Lebensgefährte gilt als dringend tatverdächtig

(14.9.2017) Im Fall der verkohlten Frauenleiche am Feringasee hat die Staatsanwaltschaft Haftbefehl gegen den 32 Jahre alten Lebensgefährten des Opfers beantragt. Er sei dringend tatverdächtig, die 35 Jahre alte Frau ermordet zu haben, berichtete die Polizei am Donnerstag.

Tatverdächtiger schweigt zu den Vorwürfen

Die Ermittler gehen davon aus, dass die Tat bereits in der Nacht von Freitag auf Samstag in der gemeinsamen Wohnung geschah.
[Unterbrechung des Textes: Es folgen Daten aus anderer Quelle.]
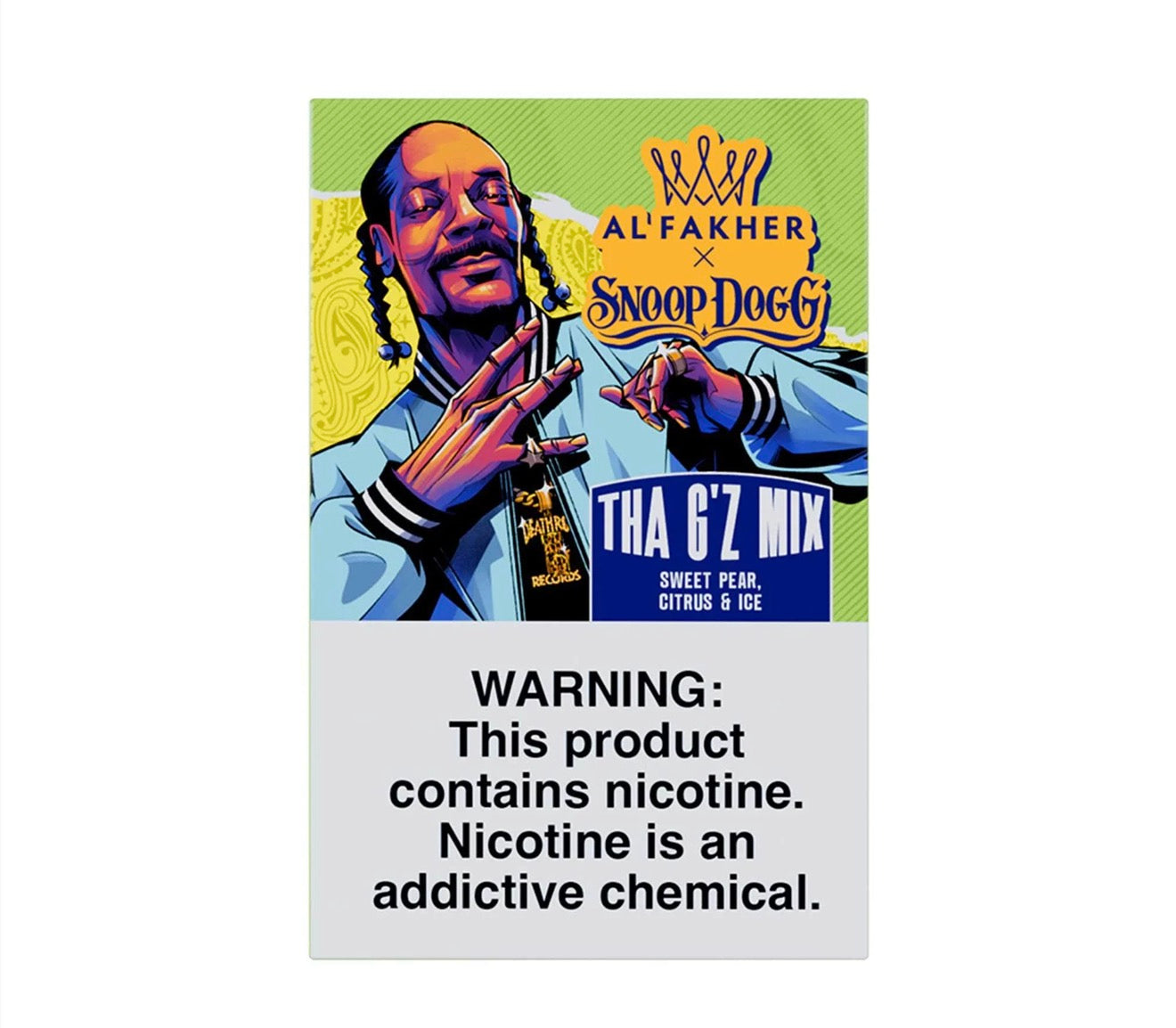 Snoop Dogg x Al Fakher Hookah Tobacco 50 gram - Hookah Junkie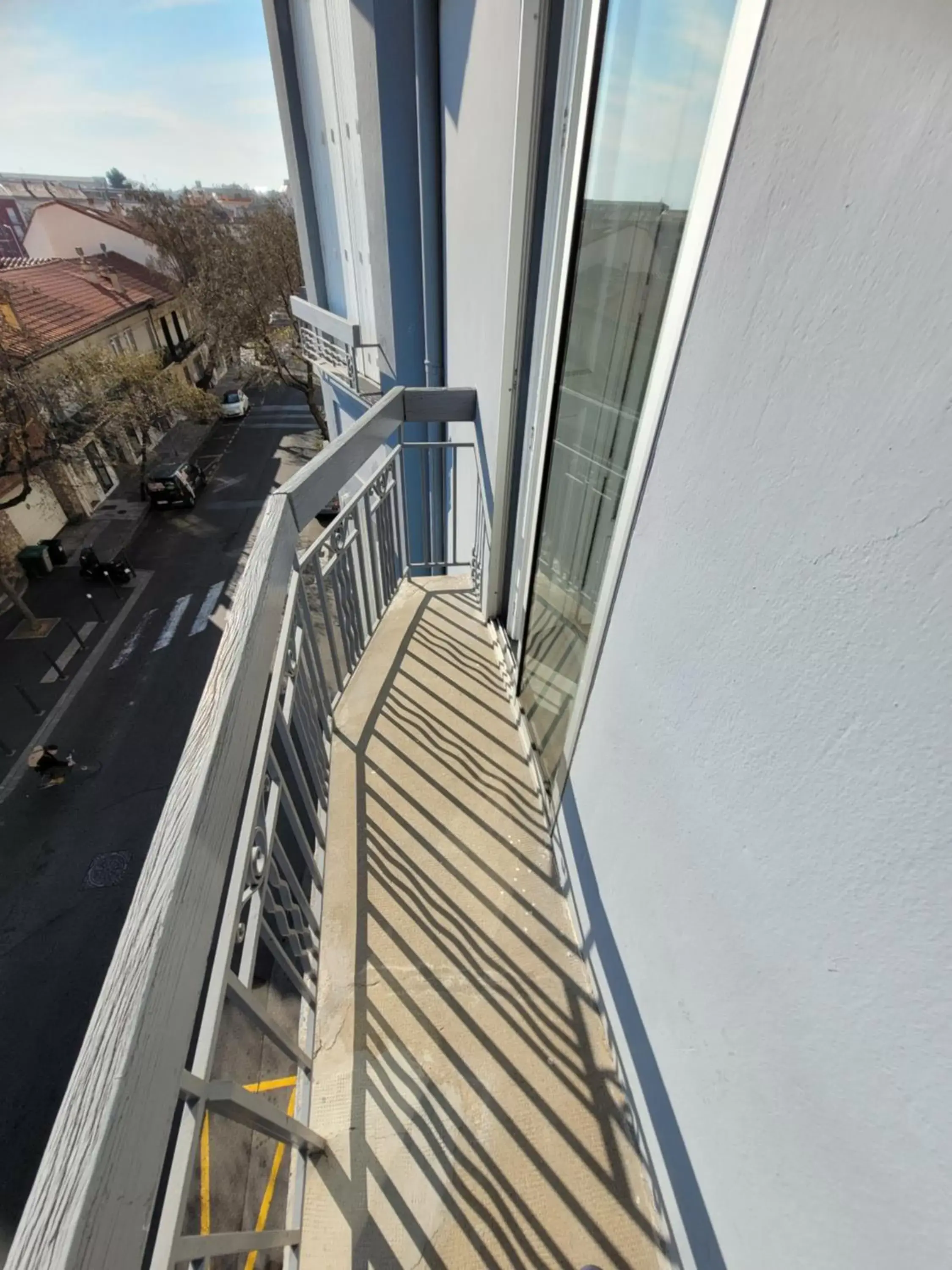 Balcony/Terrace in Hotel Aragon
Der Tatverdächtige sollte noch am Donnerstag einem Haftrichter vorgeführt werden. Zunächst schwieg der Mann zu den Vorwürfen.

Ein Gärtner hatte die verbrannte Leiche der 35-Jährigen am Montag am Feringasee in Unterföhring (Landkreis München) entdeckt. «Als es gebrannt hat, war die Frau schon tot», erläuterte Kriminalhauptkommissar Herbert Linder in einer ersten Stellungnahme. Der Täter habe die Leiche an den See gebracht und sie dann angezündet. An der Fundstelle seien Spuren von Brandbeschleunigern gefunden worden. Alle oberflächlichen Spuren seien durch den Brand vernichtet worden, sagte Linder.

Bei der Toten handelt es sich um eine Münchnerin, die aus Sachsen stammt. Ihr 32-jähriger Lebensgefährte selbst hatte sie Sonntagnacht als vermisst gemeldet. Das Paar wohnte unweit des Feringasees im Osten der Landeshauptstadt.